┌─ Records provided

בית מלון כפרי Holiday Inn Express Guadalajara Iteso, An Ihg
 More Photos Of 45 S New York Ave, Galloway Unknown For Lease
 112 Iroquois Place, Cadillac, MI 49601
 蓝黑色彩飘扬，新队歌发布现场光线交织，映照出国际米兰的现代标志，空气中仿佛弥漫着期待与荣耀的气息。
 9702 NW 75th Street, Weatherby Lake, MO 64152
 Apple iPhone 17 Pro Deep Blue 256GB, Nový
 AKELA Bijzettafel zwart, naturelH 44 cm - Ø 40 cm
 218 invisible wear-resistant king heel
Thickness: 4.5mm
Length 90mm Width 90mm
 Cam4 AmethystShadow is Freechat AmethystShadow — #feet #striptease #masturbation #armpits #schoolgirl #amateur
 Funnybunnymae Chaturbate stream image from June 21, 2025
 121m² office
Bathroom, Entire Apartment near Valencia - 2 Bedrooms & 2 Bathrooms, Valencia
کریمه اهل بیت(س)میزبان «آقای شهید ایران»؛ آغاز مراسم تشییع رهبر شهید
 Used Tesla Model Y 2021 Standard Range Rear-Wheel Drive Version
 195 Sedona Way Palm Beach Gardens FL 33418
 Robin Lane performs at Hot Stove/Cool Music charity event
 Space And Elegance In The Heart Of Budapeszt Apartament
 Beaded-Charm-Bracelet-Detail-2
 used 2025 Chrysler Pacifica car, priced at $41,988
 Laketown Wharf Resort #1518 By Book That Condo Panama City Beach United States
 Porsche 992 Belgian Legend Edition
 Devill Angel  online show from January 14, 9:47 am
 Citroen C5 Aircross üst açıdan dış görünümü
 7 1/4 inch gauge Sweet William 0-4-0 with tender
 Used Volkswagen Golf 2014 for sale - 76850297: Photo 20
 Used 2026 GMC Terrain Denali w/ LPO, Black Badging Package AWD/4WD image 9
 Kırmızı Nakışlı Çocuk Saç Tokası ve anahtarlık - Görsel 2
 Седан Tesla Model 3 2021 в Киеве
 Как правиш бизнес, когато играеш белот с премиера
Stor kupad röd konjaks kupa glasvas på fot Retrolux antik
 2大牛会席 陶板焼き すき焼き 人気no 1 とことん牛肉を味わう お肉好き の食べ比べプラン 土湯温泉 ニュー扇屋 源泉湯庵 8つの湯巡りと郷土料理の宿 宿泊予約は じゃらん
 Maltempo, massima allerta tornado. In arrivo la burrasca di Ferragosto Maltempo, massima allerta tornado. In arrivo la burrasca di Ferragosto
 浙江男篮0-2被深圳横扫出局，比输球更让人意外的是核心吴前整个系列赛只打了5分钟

└─

**Exercise details**
Copy out the data above, word for word.

**Response area**
בית מלון כפרי Holiday Inn Express Guadalajara Iteso, An Ihg
 More Photos Of 45 S New York Ave, Galloway Unknown For Lease
 112 Iroquois Place, Cadillac, MI 49601
 蓝黑色彩飘扬，新队歌发布现场光线交织，映照出国际米兰的现代标志，空气中仿佛弥漫着期待与荣耀的气息。
 9702 NW 75th Street, Weatherby Lake, MO 64152
 Apple iPhone 17 Pro Deep Blue 256GB, Nový
 AKELA Bijzettafel zwart, naturelH 44 cm - Ø 40 cm
 218 invisible wear-resistant king heel
Thickness: 4.5mm
Length 90mm Width 90mm
 Cam4 AmethystShadow is Freechat AmethystShadow — #feet #striptease #masturbation #armpits #schoolgirl #amateur
 Funnybunnymae Chaturbate stream image from June 21, 2025
 121m² office
Bathroom, Entire Apartment near Valencia - 2 Bedrooms & 2 Bathrooms, Valencia
کریمه اهل بیت(س)میزبان «آقای شهید ایران»؛ آغاز مراسم تشییع رهبر شهید
 Used Tesla Model Y 2021 Standard Range Rear-Wheel Drive Version
 195 Sedona Way Palm Beach Gardens FL 33418
 Robin Lane performs at Hot Stove/Cool Music charity event
 Space And Elegance In The Heart Of Budapeszt Apartament
 Beaded-Charm-Bracelet-Detail-2
 used 2025 Chrysler Pacifica car, priced at $41,988
 Laketown Wharf Resort #1518 By Book That Condo Panama City Beach United States
 Porsche 992 Belgian Legend Edition
 Devill Angel  online show from January 14, 9:47 am
 Citroen C5 Aircross üst açıdan dış görünümü
 7 1/4 inch gauge Sweet William 0-4-0 with tender
 Used Volkswagen Golf 2014 for sale - 76850297: Photo 20
 Used 2026 GMC Terrain Denali w/ LPO, Black Badging Package AWD/4WD image 9
 Kırmızı Nakışlı Çocuk Saç Tokası ve anahtarlık - Görsel 2
 Седан Tesla Model 3 2021 в Киеве
 Как правиш бизнес, когато играеш белот с премиера
Stor kupad röd konjaks kupa glasvas på fot Retrolux antik
 2大牛会席 陶板焼き すき焼き 人気no 1 とことん牛肉を味わう お肉好き の食べ比べプラン 土湯温泉 ニュー扇屋 源泉湯庵 8つの湯巡りと郷土料理の宿 宿泊予約は じゃらん
 Maltempo, massima allerta tornado. In arrivo la burrasca di Ferragosto Maltempo, massima allerta tornado. In arrivo la burrasca di Ferragosto
 浙江男篮0-2被深圳横扫出局，比输球更让人意外的是核心吴前整个系列赛只打了5分钟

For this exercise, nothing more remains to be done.